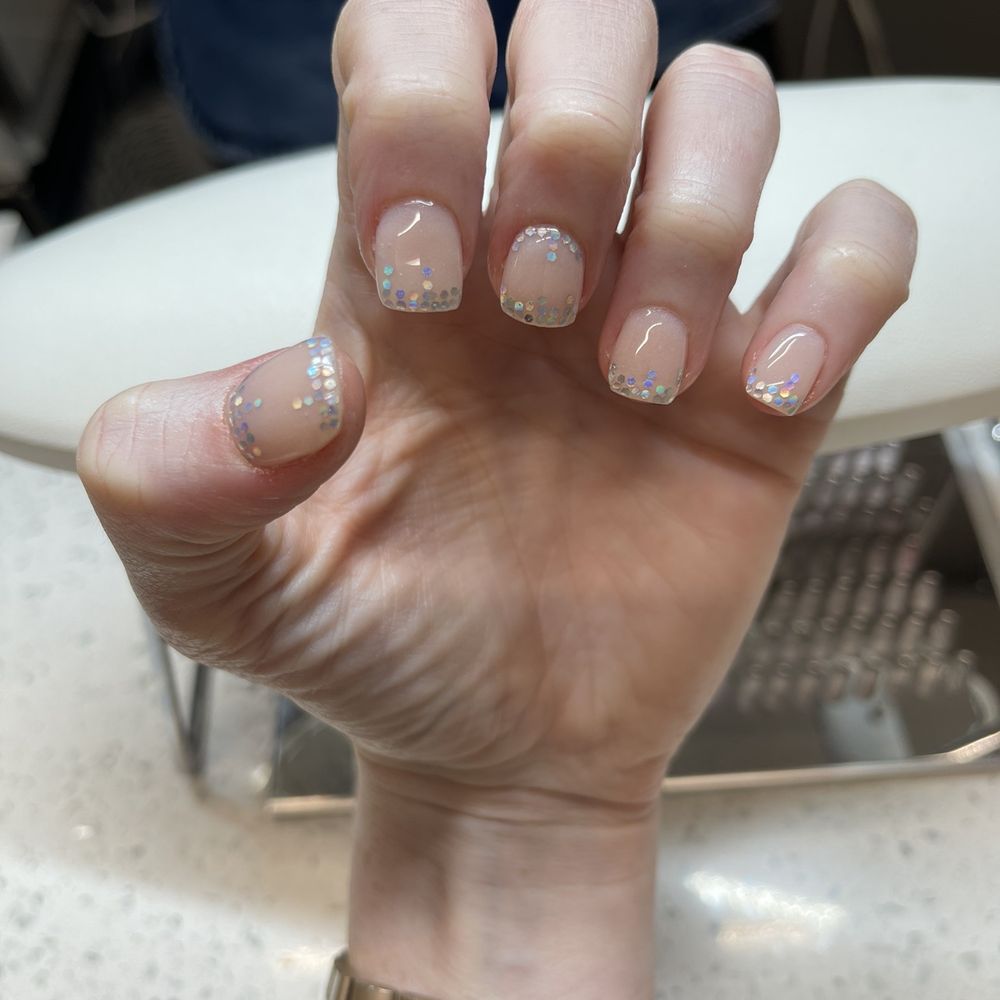Boxi Nails - Nail Salons Near Me - Chicago, Illinois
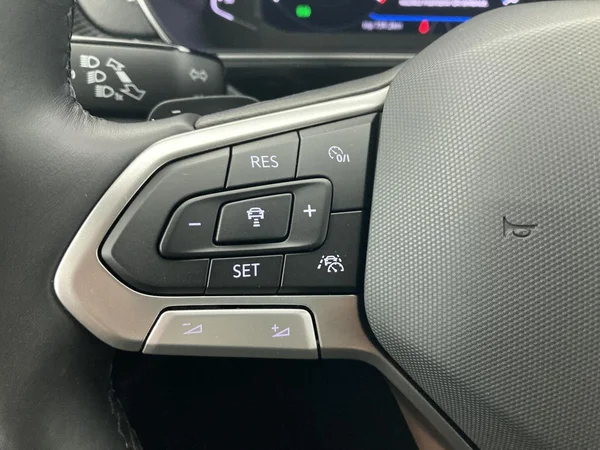 VOLKSWAGEN T-Cross (2025) — foto 13 van 36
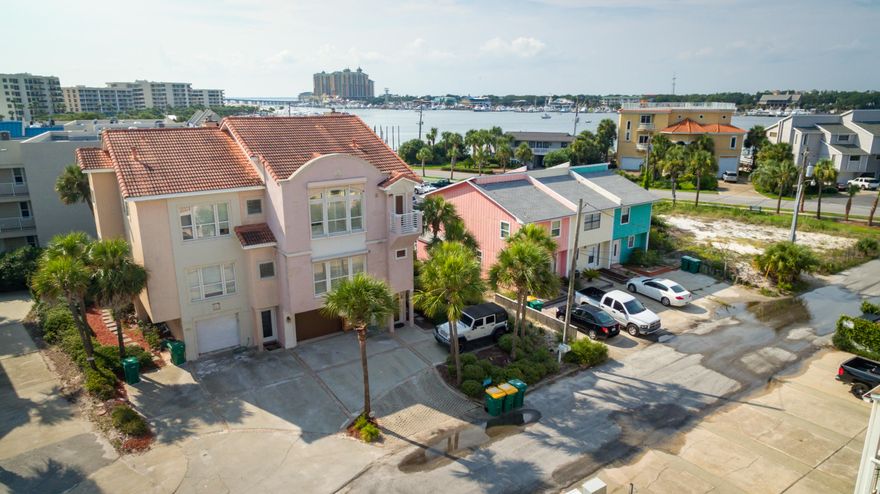 RENTAL MACHINE OVER 75K in 2018! Prime location on Holiday Isle between the distinguished Destin Harbor and Gulf of Mexico! This impressive 3 bedroom luxury townhome is less than a minute walk to the beach and has impressive rental history, updated furniture, and fresh paint. Spacious open floor plan with Gulf and Harbor views throughout. Each bedroom has an en suite bathroom and the third bedroom is located on the first floor and can be used as a lock-out. This unit boasts high ceilings, new flooring, and granite countertops. Schedule your showing today!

> _PROBLEM DETAILS_:
Only the lines from the one containing "VOLKSWAGEN T-Cross (2025) — foto 13 van 36" through the final line of the listing should be reproduced, exactly and with no pictures.

> _TASK ANSWER_:
 VOLKSWAGEN T-Cross (2025) — foto 13 van 36
 RENTAL MACHINE OVER 75K in 2018! Prime location on Holiday Isle between the distinguished Destin Harbor and Gulf of Mexico! This impressive 3 bedroom luxury townhome is less than a minute walk to the beach and has impressive rental history, updated furniture, and fresh paint. Spacious open floor plan with Gulf and Harbor views throughout. Each bedroom has an en suite bathroom and the third bedroom is located on the first floor and can be used as a lock-out. This unit boasts high ceilings, new flooring, and granite countertops. Schedule your showing today!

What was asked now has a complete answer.